1
EXHIBIT 10.176
PURCHASE AND SECURITY AGREEMENT
This PURCHASE AND SECURITY AGREEMENT ("Agreement") is made and entered
into this ____ day of ________, 1999 by and between Preferred Equities
Corporation, a Nevada corporation, with its principal offices located at 0000
Xxxxxxxx Xxxx, Xxx Xxxxx, Xxxxxx 00000 ("PEC") and Preferred RV Resort Owners
Association, a Nevada corporation, with its principal office located at 0000
Xxxxxxxx Xxx, Xxxxxxx, Xxxxxx 00000 ("Association").
WITNESSETH
WHEREAS, pursuant to that certain Public Offering Statement approved by
the State of Nevada on October 9, 1985 as amended on March 4, 1998 ("POS"), PEC
is the developer of that certain recreational vehicle campground located in Xxx
County, Nevada and commonly known as Preferred RV Resort ("Resort"), more
particularly described as:
Parcel 3 of Parcel Map of Calvada Valley Xxxx 0, Xxxxx 0, Xxx 0,
recorded April 26, 1994 as Document Number 351410 in the office
of the County Recorder of Xxx County, Nevada; and
WHEREAS, by contract with the Association ("Management Contract"), PEC
serves as manager of the Resort; and
WHEREAS, for purposes of this Agreement only, the Association alleges
and PEC acknowledges that it owes the Association assessments for 1231 interval
interests owned by PEC at the Resort ("Remaining Inventory"); and
WHEREAS, the Association wishes to purchase from PEC the Remaining
Inventory.
NOW, THEREFORE, in consideration of the foregoing, and other good and
valuable consideration acknowledged as received by the parties, the parties
hereto agree as follows.
1. PURCHASE PRICE.
PEC agrees to convey title, subject to the exceptions stated in the Preliminary
Title Report, attached hereto as Exhibit D, to all of the Remaining Inventory to
the Association in consideration of:
A. Forgiveness of PEC's past and current debt owed to the Association
in the amount of $433,687.00, including past assessments in the
amount of $180,512.00, pursuant to the independent audit prepared by
Main Xxxxxx as of December 1998, and including assessments for 1999
in the amount of $253,175.00 ("PEC's Obligation").
B. The additional sum of One Hundred Forty-One Thousand, Six Hundred
Seventy-Eight Dollars ($141,678.00), inclusive of interest at five
percent (5%) ("Secured Obligation") evidenced by a purchase money
promissory note ("Note") secured by a first deed of trust ("Deed of
Trust") on the Remaining Inventory, executed in favor of PEC, said
Note and Deed of Trust being attached hereto and incorporated herein
as Exhibits "B" and "C" to this Agreement.

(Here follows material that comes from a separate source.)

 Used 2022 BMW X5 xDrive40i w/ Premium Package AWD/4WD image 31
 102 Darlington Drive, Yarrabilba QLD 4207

The term of the Note
shall be three (3) years
1
2
("Note Term"), payable in increments of One Hundred Fifty-Three
Dollars ($153.00) ("Release Fee") upon the sale of each of the first
Nine-Hundred Twenty-Six (926) interests in the Remaining Inventory
that are sold. The Association and PEC agree that the Note and Deed
of Trust will be administered through a title company mutually
agreed upon by the parties as trustee ("Trustee") and subject to the
payment by the Association of the Release Fee and such fees as may
be charged by the Trustee, the Trustee will release, from the lien
of the Deed of Trust, the subject intervals as they are sold by the
Association. All remaining intervals will be released when the Note
is paid in full. Any balance due at the end of the term of the Note
shall be due and payable in full on the Note maturity date.
2. ACTIONS TO BE TAKEN.
A. PEC shall, by the Effective Date of this Agreement (as hereinafter
defined) take the following actions.
1. Resign as the Association's management company pursuant to
the existing Management Agreement between PEC and the
Association.
2. Assure that all of its officers, employees and/or agents who
now serve on the Association's Board of Directors ("Board")
and/or hold officer positions with the Association resign
from those positions following the election of Xxxxx Xxxxx,
or such other person as may be designated by the
Association, to the position of President of the
Association.
3. Convey assets of the Resort and Association, as listed on
Exhibit "A" attached hereto and incorporated herein by this
reference ("Assets"), to the Association.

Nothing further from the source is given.